I always code with engine running and laptop fully charged.


----------



## matteis (Jun 9, 2015)

Tks!

"In a 320i Sport GP 2015 (F30) I dind't find the "LEVEL_1" line. How can I increase the angels's brightness in this case?

Also, after coding modules FEM_BODY and REM, fog lamps start behaving strangely: they only work as welcome lights. If I press the buton to turn them on, they no longer work."

Anyone help with questions above?


----------



## dany81ta (Nov 12, 2014)

In my f30 2012 i code and work it
MAPPING_STANDL_V_L_PWM_LEVEL_STANDARD> .. i set to 50% (werte 32).. 
MAPPING_STANDL_V_R_PWM_LEVEL_STANDARD>.. i set to 50% (werte 32)

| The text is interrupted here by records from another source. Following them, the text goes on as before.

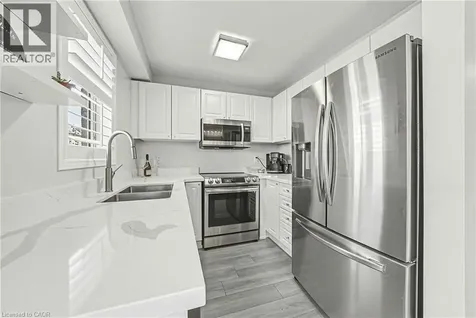 2259 Seton Crescent Burlington ON L7L 6Y4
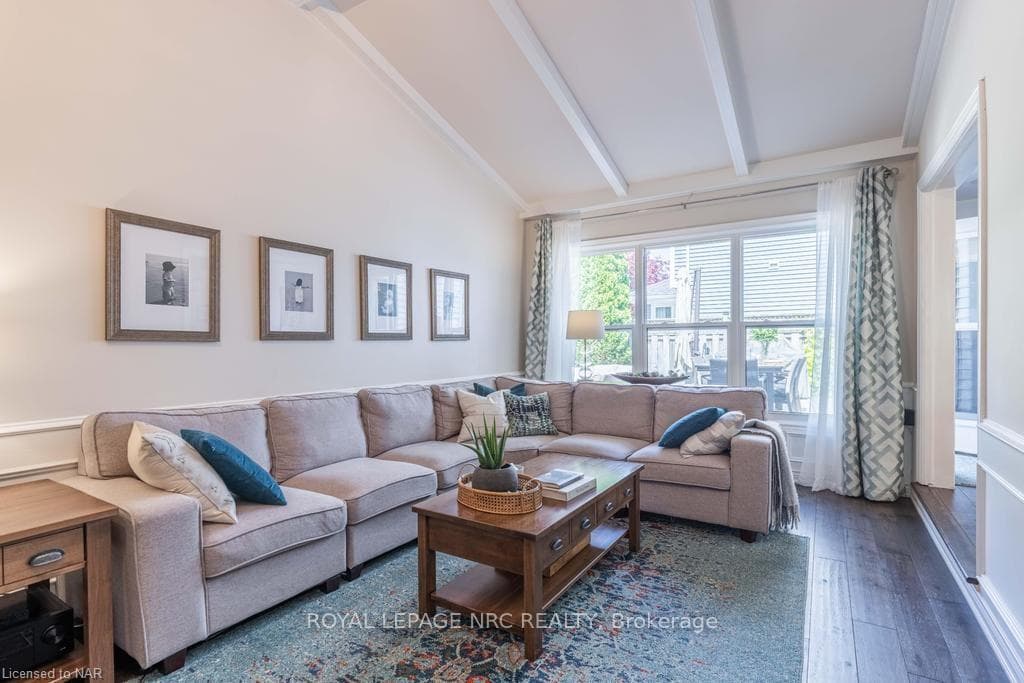 18 BARNSDALE Lane photo 21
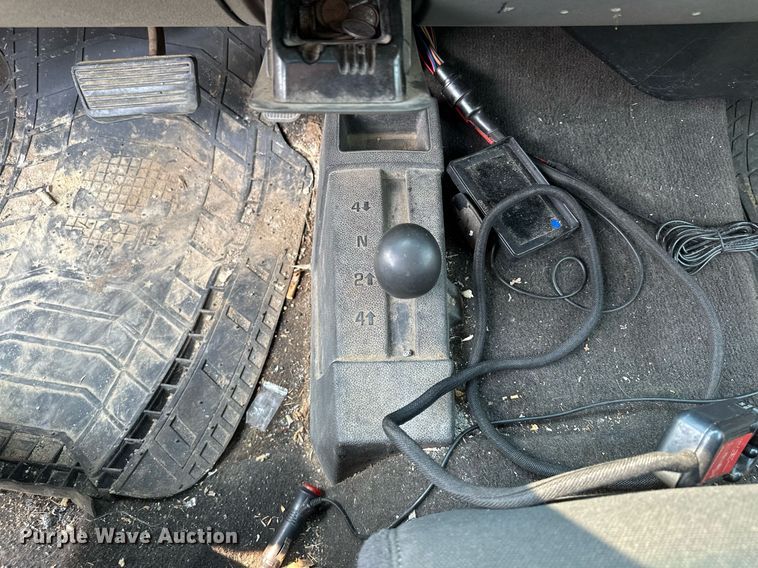 image for item AF9663 2008 GMC Sierra 2500HD  Crew Cab pickup truck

Inviato dal mio GT-I9505 utilizzando Tapatalk


----------



## matteis (Jun 9, 2015)

Does anyone know if is that possible to increase Angel eyes' brightness on the new 2016 BMW cars (like new F30 320i, new F48 X1, etc )that come with LED lamps?


----------



## matteis (Jun 9, 2015)

matteis said:


> Does anyone know if is that possible to increase Angel eyes' brightness on the new 2016 BMW cars (like new F30 320i, new F48 X1, etc )that come with LED lamps?


Any help?


----------



## dmnc02 (Mar 28, 2003)

matteis said:


> Any help?


See this thread:

SOLVED!!! HALO Brightness %100 with lowbeams F30LCI NON ADAPTIVE LED HEADLIGHT


----------



## E61-520 (May 24, 2015)

Which setting is brightest? Werte 02 100% or werte 05 13,7v


----------



## wetoddid2 (Jun 5, 2017)

Can anyone send me their fem_body mapping 3062 and 3063 with adaptive headlight? My OEM Xenon angel eyes (2015 F32) won't come back on. Only faults i'm getting is mapping faults. I removed 8s4 from FA and wrote it to Fem_body and now my lights are all messed up. Thank you.


----------



## Almaretto (Nov 17, 2015)

wetoddid2 said:


> Can anyone send me their fem_body mapping 3062 and 3063 with adaptive headlight? My OEM Xenon angel eyes (2015 F32) won't come back on. Only faults i'm getting is mapping faults. I removed 8s4 from FA and wrote it to Fem_body and now my lights are all messed up. Thank you.


You do not want to use random FA. You want CAF specific for vehicle.


----------



## wetoddid2 (Jun 5, 2017)

Lol. You're right. I want to view someone else's fem body to see what they have mapped to fernlicht, what they have mapped to addielicht(sp?) and so on. I wouldn't dare inject a random cafd to my vehicle. I'm asking to view their setup. I think when I flashed my ecu, some of the lights got mapped wrong, or didn't get mapped at all.


----------



## wetoddid2 (Jun 5, 2017)

Mapping tagfahrlicht was off. Same with standlicht. It was off. I can map tms_leuchtring or al or pol to it. Then under dependency function I can make it tagfahrlicht or function 1


----------



## Almaretto (Nov 17, 2015)

wetoddid2 said:


> Lol. You're right. I want to view someone else's fem body to see what they have mapped to fernlicht, what they have mapped to addielicht(sp?) and so on. I wouldn't dare inject a random cafd to my vehicle. I'm asking to view their setup. I think when I flashed my ecu, some of the lights got mapped wrong, or didn't get mapped at all.


E-SYS: How to create 'default' cafs based on VO


----------